Fyodor Dostoyevski’s underground man is sympathetic and perhaps even likable primarily because he is self-aware. Many people would consider the certifiably insane person to be more deserving of sympathy because that person isn’t aware of any madness in thought or action, but for others it is the awareness of the affliction that creates sympathy. The lunatic ravings of a madman are undeserving of sympathy because the lunatic is incapable of possessing critical distance. In other words, he has no capacity for sympathy himself. The underground man addresses this issue directly when he writes “What is to be done with the millions of facts that bear witness that men, consciously, that is fully understanding their real interests, have left them in the background and have rushed headlong on another path, to meet peril and danger”.
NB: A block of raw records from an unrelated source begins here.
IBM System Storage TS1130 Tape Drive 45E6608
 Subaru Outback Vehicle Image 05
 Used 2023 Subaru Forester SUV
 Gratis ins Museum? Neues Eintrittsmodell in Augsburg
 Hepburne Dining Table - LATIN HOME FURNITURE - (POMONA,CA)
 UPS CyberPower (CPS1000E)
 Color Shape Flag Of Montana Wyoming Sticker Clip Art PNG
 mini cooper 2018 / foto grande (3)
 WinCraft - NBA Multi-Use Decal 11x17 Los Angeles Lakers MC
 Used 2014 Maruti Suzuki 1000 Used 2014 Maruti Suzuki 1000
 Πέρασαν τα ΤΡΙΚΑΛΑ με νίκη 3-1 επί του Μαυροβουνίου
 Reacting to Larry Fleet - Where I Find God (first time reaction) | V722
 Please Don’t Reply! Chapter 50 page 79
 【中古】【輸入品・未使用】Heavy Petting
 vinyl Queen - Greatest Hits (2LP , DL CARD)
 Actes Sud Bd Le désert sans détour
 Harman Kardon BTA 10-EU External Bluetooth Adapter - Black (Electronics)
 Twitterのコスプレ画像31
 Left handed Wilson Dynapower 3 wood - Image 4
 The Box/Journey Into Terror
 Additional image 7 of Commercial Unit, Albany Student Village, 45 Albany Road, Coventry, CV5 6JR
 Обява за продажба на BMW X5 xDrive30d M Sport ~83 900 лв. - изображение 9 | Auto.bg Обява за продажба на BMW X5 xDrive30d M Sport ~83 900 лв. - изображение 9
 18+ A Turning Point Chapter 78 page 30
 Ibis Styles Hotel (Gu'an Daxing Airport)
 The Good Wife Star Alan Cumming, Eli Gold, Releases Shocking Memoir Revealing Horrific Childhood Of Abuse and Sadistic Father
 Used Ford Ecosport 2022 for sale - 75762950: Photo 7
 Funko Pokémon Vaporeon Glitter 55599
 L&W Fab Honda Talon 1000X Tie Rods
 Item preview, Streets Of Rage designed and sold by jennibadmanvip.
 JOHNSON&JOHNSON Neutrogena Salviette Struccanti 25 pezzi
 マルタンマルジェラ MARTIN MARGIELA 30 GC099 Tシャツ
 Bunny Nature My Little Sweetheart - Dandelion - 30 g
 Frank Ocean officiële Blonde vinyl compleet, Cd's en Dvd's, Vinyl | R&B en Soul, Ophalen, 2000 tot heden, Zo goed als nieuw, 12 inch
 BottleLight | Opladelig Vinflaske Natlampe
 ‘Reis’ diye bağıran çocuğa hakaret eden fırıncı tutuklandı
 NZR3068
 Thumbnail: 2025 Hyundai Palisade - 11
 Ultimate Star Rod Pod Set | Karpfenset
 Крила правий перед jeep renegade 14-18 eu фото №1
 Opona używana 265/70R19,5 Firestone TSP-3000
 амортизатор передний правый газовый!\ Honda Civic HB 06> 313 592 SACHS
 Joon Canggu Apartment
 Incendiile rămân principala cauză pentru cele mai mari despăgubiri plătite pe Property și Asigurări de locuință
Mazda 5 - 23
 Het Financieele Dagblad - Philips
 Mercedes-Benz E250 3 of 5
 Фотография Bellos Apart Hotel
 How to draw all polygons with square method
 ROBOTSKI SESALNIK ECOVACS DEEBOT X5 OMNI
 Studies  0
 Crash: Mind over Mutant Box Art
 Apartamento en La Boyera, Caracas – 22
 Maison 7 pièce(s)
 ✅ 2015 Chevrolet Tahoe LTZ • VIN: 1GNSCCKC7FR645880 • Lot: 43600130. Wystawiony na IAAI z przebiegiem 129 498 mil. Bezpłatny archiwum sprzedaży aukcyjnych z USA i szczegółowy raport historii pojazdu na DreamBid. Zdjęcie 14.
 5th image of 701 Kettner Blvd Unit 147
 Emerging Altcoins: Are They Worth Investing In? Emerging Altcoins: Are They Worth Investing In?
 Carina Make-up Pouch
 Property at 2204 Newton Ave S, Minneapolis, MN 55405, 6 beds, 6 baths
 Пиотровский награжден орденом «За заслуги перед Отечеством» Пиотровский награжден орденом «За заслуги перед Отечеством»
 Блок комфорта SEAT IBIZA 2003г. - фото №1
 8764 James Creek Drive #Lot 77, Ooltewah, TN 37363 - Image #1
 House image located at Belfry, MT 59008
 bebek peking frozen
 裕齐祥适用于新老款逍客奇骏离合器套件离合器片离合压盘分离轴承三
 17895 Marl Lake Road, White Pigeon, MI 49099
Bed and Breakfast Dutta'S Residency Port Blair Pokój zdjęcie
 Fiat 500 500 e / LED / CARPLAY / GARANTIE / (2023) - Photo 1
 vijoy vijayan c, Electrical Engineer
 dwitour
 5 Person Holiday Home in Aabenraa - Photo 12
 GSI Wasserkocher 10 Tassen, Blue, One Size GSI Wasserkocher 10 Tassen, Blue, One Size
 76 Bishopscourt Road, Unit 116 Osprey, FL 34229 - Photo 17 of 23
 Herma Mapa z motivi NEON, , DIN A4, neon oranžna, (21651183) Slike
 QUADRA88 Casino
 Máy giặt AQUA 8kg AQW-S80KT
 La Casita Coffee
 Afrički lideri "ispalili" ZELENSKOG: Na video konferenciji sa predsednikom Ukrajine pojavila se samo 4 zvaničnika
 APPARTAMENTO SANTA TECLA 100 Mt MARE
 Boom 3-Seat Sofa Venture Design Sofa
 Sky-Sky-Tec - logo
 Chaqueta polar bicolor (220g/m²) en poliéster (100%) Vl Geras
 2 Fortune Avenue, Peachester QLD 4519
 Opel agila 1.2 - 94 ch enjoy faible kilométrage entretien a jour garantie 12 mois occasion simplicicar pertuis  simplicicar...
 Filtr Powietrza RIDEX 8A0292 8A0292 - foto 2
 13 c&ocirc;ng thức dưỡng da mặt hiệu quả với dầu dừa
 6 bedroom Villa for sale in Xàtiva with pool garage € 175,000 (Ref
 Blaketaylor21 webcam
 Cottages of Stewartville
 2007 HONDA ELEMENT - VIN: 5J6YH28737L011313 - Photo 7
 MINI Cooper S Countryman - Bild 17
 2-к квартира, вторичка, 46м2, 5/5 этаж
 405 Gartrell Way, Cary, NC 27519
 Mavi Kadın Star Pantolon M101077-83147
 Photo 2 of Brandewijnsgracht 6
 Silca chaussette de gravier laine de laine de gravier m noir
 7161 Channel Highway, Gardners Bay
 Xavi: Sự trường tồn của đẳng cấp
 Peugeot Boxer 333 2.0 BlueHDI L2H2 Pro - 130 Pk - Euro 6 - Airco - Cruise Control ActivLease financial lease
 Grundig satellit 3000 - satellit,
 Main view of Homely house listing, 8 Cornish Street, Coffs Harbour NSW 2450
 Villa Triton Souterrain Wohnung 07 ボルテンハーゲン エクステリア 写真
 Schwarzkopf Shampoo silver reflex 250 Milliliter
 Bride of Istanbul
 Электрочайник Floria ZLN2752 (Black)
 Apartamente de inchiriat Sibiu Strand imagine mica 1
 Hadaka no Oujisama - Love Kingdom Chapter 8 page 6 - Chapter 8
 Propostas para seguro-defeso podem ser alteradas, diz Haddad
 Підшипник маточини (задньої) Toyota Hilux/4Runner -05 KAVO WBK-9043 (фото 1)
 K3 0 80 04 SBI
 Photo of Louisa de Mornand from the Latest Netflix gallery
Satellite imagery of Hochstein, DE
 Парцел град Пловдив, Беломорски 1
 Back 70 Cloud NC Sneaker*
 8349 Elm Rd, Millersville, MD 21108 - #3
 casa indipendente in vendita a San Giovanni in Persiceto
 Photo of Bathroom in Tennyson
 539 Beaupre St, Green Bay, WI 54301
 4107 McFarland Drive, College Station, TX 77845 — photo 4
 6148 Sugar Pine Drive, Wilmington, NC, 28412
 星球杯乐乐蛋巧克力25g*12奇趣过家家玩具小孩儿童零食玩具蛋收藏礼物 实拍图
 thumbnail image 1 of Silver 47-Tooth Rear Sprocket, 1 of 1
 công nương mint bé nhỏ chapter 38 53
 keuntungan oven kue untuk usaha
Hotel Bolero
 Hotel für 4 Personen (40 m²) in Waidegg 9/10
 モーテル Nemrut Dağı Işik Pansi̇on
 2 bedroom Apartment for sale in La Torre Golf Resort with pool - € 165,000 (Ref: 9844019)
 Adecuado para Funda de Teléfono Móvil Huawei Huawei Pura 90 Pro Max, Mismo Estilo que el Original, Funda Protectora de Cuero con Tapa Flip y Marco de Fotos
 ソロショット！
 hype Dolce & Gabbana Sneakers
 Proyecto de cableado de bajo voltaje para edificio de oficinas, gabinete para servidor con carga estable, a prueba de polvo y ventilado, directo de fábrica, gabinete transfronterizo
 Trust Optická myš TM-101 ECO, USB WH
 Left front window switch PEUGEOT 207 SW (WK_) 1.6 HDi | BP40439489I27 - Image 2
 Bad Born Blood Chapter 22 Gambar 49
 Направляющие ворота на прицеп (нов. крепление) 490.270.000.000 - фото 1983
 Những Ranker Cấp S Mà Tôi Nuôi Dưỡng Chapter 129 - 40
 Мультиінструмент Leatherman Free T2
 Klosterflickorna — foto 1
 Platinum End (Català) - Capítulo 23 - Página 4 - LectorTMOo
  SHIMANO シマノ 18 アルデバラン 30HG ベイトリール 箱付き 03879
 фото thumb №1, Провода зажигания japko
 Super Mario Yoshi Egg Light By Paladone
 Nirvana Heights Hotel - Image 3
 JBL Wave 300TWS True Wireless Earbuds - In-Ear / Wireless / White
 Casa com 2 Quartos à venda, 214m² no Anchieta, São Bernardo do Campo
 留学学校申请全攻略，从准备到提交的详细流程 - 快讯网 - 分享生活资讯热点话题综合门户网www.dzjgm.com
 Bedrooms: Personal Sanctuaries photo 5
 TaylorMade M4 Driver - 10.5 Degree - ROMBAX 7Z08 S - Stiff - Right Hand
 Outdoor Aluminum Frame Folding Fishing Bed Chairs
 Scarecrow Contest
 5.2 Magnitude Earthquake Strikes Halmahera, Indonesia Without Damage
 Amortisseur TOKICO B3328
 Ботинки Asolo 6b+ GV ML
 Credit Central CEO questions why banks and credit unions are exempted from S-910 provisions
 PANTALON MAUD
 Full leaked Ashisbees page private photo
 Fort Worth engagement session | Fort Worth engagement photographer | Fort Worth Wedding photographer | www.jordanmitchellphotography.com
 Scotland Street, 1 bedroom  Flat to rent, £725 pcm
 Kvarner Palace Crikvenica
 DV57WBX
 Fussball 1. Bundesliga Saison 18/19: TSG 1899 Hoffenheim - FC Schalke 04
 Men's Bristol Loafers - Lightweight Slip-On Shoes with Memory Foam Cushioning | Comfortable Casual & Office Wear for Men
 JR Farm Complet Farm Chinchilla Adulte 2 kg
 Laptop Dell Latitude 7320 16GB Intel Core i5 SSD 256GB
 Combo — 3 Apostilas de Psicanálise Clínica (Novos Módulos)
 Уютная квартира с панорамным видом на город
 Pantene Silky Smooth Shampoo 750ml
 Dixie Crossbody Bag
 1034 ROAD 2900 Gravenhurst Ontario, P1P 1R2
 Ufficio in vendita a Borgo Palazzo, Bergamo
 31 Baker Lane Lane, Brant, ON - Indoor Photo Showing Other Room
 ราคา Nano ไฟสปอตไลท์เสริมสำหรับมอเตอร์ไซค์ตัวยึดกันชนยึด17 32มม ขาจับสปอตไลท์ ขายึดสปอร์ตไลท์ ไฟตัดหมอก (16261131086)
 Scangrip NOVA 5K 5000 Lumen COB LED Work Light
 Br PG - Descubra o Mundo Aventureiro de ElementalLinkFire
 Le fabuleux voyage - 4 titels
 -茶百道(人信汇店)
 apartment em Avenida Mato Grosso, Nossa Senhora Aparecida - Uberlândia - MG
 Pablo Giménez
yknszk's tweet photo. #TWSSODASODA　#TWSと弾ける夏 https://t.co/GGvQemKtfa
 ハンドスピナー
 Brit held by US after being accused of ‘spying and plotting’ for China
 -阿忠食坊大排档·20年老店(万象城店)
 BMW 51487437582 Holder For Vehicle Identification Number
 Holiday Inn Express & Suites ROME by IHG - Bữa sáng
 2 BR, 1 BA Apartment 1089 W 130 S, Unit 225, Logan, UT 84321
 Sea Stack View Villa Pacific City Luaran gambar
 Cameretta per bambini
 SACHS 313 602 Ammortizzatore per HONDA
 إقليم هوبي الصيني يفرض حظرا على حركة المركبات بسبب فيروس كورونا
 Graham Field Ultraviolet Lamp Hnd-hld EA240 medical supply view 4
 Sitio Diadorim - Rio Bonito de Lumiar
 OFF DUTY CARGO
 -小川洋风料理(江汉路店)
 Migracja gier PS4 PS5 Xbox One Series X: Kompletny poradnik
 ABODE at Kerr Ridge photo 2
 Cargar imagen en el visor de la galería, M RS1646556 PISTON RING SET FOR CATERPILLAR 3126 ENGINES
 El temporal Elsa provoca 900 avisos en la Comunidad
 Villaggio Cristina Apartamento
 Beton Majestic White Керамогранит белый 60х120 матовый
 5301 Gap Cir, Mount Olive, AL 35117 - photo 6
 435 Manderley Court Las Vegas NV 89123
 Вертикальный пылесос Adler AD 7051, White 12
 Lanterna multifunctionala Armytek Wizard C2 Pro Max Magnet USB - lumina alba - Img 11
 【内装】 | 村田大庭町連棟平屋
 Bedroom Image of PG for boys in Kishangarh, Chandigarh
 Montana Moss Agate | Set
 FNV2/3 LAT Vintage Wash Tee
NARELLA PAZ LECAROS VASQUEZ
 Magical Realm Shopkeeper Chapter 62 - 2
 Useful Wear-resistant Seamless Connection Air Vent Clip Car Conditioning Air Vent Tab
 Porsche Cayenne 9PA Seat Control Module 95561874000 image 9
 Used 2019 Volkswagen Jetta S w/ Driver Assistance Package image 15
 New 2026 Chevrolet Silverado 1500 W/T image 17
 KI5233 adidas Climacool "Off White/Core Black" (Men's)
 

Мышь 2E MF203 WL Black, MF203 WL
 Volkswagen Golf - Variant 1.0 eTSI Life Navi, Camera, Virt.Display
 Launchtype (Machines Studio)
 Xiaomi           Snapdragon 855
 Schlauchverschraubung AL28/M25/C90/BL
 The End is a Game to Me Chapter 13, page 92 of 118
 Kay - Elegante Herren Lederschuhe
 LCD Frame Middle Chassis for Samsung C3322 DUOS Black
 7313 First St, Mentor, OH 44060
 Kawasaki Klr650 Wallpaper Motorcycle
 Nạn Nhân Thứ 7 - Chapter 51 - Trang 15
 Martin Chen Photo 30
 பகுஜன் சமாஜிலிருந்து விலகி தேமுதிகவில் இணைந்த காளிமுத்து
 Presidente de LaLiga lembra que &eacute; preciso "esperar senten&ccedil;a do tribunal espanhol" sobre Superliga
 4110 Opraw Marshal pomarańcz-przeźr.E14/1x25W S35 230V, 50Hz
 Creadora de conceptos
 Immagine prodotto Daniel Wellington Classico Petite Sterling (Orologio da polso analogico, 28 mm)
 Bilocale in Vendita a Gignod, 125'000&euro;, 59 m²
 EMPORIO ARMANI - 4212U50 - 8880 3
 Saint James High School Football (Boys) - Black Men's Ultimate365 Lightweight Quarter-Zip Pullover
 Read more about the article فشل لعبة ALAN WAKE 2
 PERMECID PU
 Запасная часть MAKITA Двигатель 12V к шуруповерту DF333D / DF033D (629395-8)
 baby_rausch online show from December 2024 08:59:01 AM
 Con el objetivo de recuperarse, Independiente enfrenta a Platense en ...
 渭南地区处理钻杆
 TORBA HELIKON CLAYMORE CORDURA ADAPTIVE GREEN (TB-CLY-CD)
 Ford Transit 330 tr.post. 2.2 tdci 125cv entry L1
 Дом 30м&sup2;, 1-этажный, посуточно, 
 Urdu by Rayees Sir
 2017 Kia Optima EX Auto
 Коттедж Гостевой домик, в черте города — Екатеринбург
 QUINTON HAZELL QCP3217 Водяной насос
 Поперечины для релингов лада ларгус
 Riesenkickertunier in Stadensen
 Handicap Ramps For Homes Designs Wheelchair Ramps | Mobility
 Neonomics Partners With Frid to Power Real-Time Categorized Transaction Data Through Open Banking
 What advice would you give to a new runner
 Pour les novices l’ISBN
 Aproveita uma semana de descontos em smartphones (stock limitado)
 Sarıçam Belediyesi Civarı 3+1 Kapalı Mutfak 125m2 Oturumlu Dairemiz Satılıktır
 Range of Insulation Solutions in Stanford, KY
This quote comes shortly after the underground man questioned whether any man would do ill if he was fully aware of his own interests. The underground is fully deserving of the reader’s sympathy because he is intelligent and curious and because he presents the possibility of arriving at consciousness. The world is currently in a state in which both people in power and those lusting for power conduct their lives uncritically and without asking questions of or even being interested in the motivation not only in others but of themselves. The underground man may very well be mad, but he is far more willing to ask the tough questions than many people today whose sanity one isn’t even allowed to question.
On the other hand, the underground man runs the risk of losing all sympathy for whatever cause he may have by consistently distancing himself from the possibility of madness by, paradoxically, calling into his question his madness. His continual inquiring of the reader’s opinion of his madness, or whether he is joking, undoes his arguments. When he says that is joking and that knows his jokes are not brilliant, he is begging the opposite effect and it is just as ineffective as the man who says he was merely joking when the reaction to his statement of truth is one of cold emotional detachment.
It is a game to do this; a bet or a wager made in advance. To constantly suggest that one is joking or that one knows that what one is saying is likely to be thought mad is a cheap trick engaged by those not willing to stand forcefully by their principles. When the underground man attempts to ease into the graces of his reader by stating that he is joking or mad before he can be accused of joking or being mad, it is the same thing as the man who believes the opposite of the crowd around him casting off his principles by saying he was only joking when he makes a statement opposite to the majority view. That is certainly not a trait to be admired in anyone, not even an underground man.